In a four-bedroom home in Chateaux Country, the living room announces the blue and champagne color scheme with a range of seating covered in velvet. Designer Megan Gorelick added built-in bookcases and lined the fireplace in bronzed mirrored tile. Photo by Dana Hoff
Delaware interior designer Megan Gorelick uses her signature blue hues to color a luxurious home in Greenville’s Chateaux Country.
When it was time for a Pennsylvania couple to downsize, they choose a four-bedroom home in Crooked Billet, a 55-and-over community in the Greenville area’s Chateaux Country. “This was an old DuPont estate,” explains the couple’s interior designer Megan Gorelick. “What’s happening a lot in Delaware is the heirs of DuPont—and there are so many heirs—are not able to maintain these estates, so they are selling them off and developers are swooping in.”

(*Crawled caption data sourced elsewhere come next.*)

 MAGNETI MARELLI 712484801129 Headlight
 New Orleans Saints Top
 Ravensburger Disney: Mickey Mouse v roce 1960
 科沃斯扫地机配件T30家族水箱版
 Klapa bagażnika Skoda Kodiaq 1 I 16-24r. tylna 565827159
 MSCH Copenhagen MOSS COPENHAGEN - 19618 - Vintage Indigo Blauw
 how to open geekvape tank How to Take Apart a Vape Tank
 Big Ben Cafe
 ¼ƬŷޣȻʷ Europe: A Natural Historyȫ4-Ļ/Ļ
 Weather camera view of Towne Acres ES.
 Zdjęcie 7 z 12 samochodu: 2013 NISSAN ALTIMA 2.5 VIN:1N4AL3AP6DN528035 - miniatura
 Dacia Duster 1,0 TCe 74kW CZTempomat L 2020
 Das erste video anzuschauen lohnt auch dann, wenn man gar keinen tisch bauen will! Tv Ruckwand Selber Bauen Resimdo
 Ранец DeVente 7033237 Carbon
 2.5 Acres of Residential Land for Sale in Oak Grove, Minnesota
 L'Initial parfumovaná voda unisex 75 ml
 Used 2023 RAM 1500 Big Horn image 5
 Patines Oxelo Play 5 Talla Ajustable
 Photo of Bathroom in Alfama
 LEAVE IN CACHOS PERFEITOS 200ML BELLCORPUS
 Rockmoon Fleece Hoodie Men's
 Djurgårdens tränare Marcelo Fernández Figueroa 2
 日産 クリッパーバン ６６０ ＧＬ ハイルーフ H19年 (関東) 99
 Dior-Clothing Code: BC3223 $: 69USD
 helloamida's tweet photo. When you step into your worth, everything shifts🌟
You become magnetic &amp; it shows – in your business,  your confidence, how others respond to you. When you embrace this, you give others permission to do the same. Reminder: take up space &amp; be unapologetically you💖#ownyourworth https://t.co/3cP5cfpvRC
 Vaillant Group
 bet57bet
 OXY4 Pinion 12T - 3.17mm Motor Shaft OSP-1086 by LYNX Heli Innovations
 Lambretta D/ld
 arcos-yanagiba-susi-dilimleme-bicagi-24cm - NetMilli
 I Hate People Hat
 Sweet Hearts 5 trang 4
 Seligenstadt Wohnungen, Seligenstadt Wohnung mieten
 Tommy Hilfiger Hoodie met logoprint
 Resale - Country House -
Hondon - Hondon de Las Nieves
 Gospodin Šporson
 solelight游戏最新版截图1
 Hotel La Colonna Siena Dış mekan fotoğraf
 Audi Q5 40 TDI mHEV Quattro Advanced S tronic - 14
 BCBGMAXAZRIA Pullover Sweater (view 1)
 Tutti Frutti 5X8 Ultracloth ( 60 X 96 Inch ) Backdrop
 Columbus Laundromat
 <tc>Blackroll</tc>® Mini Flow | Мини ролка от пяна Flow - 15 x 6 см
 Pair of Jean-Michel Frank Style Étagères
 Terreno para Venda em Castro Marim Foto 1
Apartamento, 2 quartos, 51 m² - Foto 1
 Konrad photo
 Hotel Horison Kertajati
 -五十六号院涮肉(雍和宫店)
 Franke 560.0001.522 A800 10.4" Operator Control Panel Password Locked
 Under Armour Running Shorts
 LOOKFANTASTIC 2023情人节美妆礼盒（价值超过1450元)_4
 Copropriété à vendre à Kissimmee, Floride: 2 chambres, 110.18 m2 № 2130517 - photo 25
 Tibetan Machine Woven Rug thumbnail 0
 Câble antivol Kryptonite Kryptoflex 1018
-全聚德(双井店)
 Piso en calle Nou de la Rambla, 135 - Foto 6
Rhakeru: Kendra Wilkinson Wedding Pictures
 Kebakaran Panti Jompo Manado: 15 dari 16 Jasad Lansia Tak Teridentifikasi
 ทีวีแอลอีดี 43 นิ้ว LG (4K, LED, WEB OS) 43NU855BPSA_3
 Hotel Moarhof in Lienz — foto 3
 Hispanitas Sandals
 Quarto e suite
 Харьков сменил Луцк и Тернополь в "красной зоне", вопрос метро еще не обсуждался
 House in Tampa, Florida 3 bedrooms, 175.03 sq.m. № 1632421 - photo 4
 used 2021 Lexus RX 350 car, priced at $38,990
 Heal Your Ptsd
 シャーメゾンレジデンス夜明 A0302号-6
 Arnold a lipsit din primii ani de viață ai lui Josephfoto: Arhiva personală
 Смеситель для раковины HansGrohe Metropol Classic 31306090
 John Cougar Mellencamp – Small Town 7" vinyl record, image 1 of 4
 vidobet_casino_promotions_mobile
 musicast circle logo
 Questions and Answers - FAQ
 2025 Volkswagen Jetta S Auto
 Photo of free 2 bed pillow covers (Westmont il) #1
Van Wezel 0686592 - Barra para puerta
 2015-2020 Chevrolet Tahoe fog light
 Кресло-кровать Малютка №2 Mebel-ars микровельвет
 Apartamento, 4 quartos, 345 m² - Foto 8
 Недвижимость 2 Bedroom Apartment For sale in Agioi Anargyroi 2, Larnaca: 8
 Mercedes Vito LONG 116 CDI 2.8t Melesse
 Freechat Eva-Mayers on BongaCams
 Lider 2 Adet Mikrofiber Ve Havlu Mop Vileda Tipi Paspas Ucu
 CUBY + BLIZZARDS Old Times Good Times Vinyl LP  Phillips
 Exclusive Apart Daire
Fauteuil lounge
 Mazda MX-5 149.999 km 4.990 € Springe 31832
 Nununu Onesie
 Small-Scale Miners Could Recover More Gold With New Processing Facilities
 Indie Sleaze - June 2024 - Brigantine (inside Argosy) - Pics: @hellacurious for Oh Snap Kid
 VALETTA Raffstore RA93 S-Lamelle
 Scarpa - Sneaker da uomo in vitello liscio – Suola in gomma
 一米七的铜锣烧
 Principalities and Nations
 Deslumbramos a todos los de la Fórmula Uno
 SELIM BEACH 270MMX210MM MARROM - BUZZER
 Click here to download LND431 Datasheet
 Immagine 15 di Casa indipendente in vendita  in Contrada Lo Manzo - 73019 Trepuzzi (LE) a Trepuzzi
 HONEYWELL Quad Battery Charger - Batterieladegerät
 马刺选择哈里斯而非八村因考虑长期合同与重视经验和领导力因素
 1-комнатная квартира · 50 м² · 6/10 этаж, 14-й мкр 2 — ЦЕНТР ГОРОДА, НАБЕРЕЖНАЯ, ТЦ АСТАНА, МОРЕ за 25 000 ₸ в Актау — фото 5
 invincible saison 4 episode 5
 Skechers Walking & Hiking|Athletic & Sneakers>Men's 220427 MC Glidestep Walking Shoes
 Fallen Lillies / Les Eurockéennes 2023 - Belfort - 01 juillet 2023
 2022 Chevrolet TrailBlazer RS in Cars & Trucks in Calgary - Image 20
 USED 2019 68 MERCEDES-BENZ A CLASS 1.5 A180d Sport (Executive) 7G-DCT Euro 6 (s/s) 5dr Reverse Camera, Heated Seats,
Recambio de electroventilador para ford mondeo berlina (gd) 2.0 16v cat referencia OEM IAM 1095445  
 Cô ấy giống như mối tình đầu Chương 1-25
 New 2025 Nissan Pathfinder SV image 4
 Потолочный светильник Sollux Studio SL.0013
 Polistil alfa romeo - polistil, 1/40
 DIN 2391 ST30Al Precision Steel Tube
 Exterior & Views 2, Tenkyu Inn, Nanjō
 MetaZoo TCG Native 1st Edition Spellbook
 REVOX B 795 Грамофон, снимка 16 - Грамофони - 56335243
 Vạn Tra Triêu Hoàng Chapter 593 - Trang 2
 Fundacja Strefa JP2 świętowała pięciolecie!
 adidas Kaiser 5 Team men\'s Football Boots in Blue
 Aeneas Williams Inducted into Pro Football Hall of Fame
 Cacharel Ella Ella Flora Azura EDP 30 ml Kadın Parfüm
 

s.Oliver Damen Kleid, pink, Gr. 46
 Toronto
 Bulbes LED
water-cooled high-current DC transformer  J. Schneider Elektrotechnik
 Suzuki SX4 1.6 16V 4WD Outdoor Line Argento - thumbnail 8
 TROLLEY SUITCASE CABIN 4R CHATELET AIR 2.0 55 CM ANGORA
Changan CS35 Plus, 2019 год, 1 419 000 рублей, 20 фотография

Gorelick and the clients were an instant match. “We’ve become known for our blues—we do a lot of coastal work,” the designer explains. “We get a lot of clients coming to us because of their love of blue, which happened in this case. The owner is a lovely, sophisticated woman and she wanted serenity. What I like to do is thread a color throughout the home so it’s cohesive.” Several of the ceilings are pale blue as well. “The house has a beautiful setting—you just see trees and sky everywhere,” Gorelick says. “We brought the sky in with these ceilings.”
“All blues play nicely together, so we did all these different versions of blues with this neutral champagne throughout the home,” Gorelick continues. “She’s a little bit [glamourous]— so we used metallic accents, mostly silver.” Nowhere is this color scheme more evident than in the living room, a vision in velvet anchored by a pair of champagne-colored sofas, and bolstered with a pale blue tufted ottoman, several cyan stools with fringe, and a beige grass-cloth wall covering for the inset bookcase. “We designed those custom built-ins and then we did a mirrored tile surround around the fireplace. The stools have a heavily jeweled trim, which exemplifies the glamour.” The Kate Spade lighting sconces also evoke jewelry— Gorelick says they remind her of earrings, the type that Spade used to wear.
The couple may be “glammy,” Gorelick says, but they are also practical-minded. Thinking ahead, they required two premier bedroom suites: one in use for them upstairs and one downstairs in the event that stairs become challenging. “We made them both equally luxurious,” Gorelick notes. One of the sweetest moments in the 3,500-square-foot home is in the upstairs premier bath: in the shower, a framed panel of contrasting, patterned tile—designed by Young Huh for Akdo—sits atop the blue-gray glass background tile (by Lunada Bay), creating a window-of-tile effect. (The Huh tile design is Essence Legacy Fog Carrara Bella with Fog art glass.) “The client fell in love with that tile, and we’ve used it a couple of times—it’s beautiful,” Gorelick says. “But it’s really expensive, so we made the most of it, maximizing it.”
The upstairs bedroom, which features angled walls wrapped in grass cloth, is dominated by a plush and somewhat elaborate customized headboard from Vanguard Furniture, which has a showroom in High Point, North Carolina. With a silvered wooden frame, a vertically channeled blue velvet headrest, and silver nail heads—for “extra bling,” Gorelick says—it’s a standout.
“The bedding is all custom and we teach them the tricks of how to make their beds—it’s really simple,” Gorelick says. “We’re really into making luxurious bedrooms. We want our clients to feel like they’re in the prettiest hotel room when they’re in their own home.”